A ação desencadeada junto à Polícia Militar de cada unidade, busca promover a aproximação do órgão junto as comunidades rurais e promover mais segurança nas localidades que tem mais incidência de crimes. A operação será desencadeada por meio de barreiras policiais e visitas as propriedades, levando a educação ambiental até os produtores. 

“Essa é uma época do ano onde essas operações devem ocorrer com mais frequência devido ao aumento no número de furto de gados, por cona das datas comemorativas. Mas, principalmente essa operação Campo Seguro tem o intuito principal de aproximar o homem do campo do policial, para que ele nos procure conforme a sua necessidade e não veja o órgão como uma instituição repressora”, explica o comandante da Polícia Militar Ambiental da região Oeste e Meio Oeste, tenente-coronel Adair Alexandre Pimentel.
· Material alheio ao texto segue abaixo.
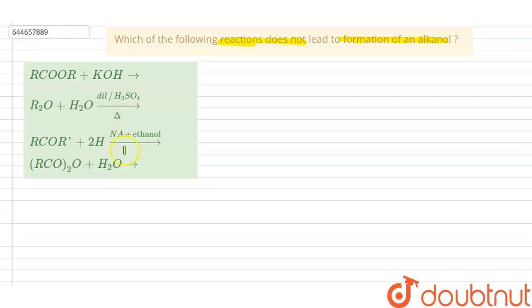Which reaction does not produce alkanol? Let us discuss the answer and find out.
Na região Oeste, guarnições da Polícia Militar Ambiental, formada por dois policiais, já vem efetuando com o apoio da Polícia Militar, barreiras policias e patrulhamentos nas propriedades rurais. 

O apoio do Comando Geral da Polícia Militar do Estado, e a união das duas forças da Polícia Militar nesta operação é de fundamental importância, visto que cada uma tem seu campo de atuação e inteligência, que facilita no planejamento das ações de acordo com a demanda específica de cada unidade. O aumento da segurança no campo, a prisão e detenção de pessoas que cometem os delitos, e prevenção de crimes no meio rural, são alguns dos objetivos da operação. 
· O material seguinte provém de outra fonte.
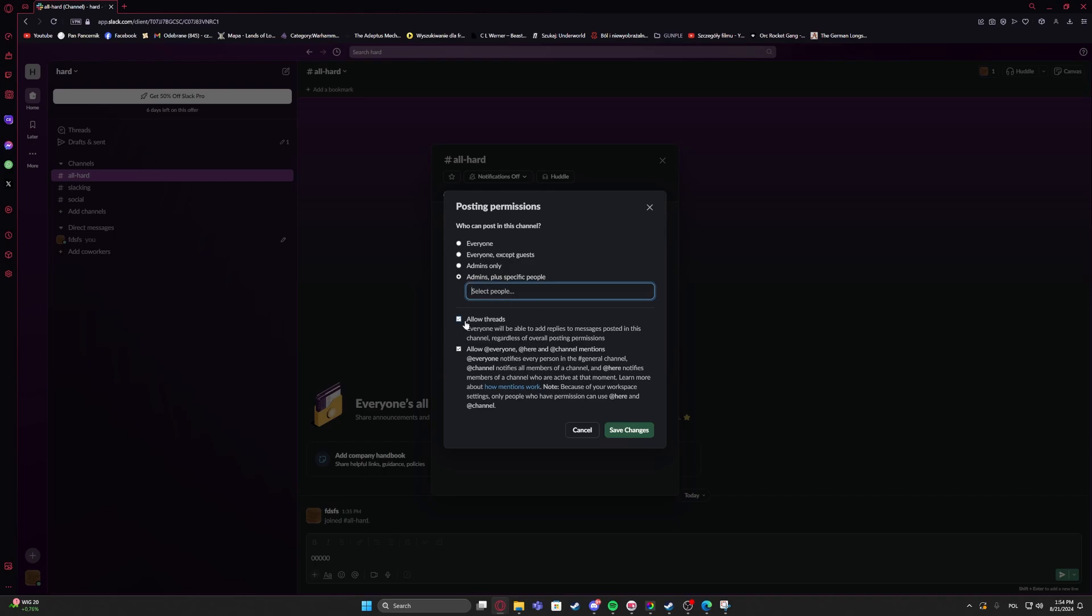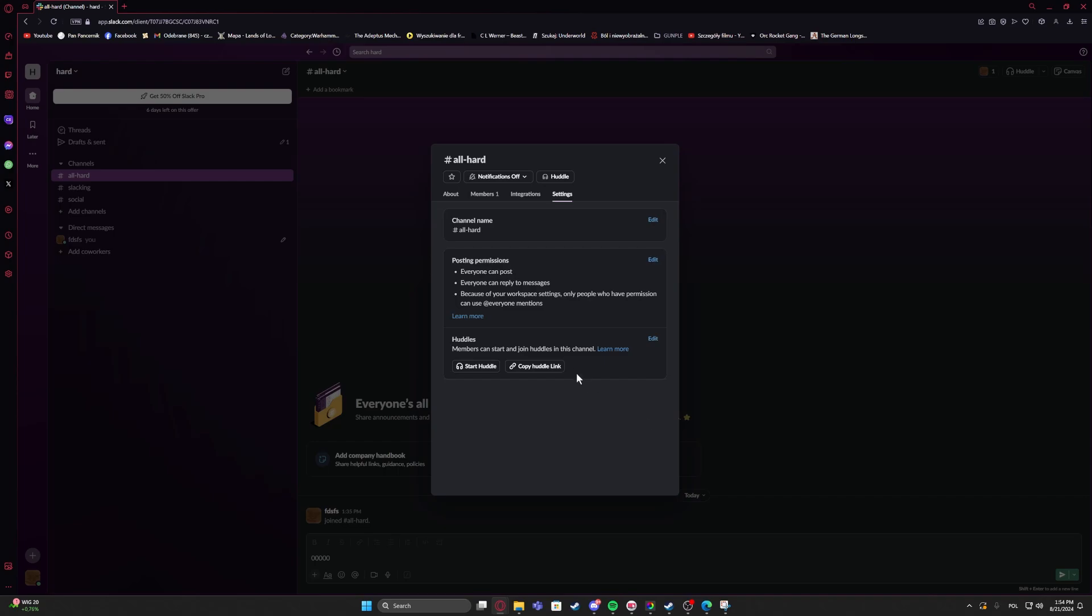You can also enable or disable to allow threads or enable or disable to allow everyone notifies every person in the general channel, that means notifications when you select everyone to read it.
A operação já foi realizada nos municípios de Lages, Água Doce e Caçador e resultou na prisão de pessoas, detenção de armas, carros furtados e na orientação de pessoas das comunidades rurais. 

“Nós conseguimos levar uma sensação de segurança e a nossa mensagem. Os moradores das áreas rurais precisam disso, e esta ação continuará com frequência”, disse.